## RECORDS FOR PROCESSING
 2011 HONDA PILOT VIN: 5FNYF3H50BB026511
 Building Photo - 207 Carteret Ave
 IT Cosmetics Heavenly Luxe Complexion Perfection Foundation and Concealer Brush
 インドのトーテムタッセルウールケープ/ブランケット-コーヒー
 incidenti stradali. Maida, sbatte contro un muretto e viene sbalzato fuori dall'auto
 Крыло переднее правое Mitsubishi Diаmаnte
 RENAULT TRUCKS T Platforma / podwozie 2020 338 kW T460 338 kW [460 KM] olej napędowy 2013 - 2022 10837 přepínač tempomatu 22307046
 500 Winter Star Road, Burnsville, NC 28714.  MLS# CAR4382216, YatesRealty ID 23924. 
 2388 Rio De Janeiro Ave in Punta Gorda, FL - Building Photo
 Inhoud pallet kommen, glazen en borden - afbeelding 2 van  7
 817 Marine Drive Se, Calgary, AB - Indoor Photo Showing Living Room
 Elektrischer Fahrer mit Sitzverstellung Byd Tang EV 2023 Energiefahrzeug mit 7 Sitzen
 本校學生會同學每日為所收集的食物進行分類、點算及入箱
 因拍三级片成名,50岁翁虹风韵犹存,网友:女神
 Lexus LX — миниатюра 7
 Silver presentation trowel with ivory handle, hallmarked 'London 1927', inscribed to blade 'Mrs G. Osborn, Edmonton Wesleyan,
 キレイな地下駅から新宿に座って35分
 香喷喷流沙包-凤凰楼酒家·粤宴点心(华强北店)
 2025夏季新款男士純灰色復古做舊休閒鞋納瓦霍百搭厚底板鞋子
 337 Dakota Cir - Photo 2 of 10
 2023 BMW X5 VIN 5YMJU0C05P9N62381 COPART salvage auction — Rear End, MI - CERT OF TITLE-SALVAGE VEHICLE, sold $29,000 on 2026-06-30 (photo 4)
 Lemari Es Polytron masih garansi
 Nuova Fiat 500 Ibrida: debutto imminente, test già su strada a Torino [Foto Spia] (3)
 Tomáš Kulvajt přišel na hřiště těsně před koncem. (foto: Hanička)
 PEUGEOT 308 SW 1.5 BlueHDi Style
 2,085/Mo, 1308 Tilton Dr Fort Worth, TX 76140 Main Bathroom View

## ABOUT THIS EXERCISE
The word "Building" appears in some lines of the records. Please work out how many and reply with that number only.

## WRITTEN RESPONSE
2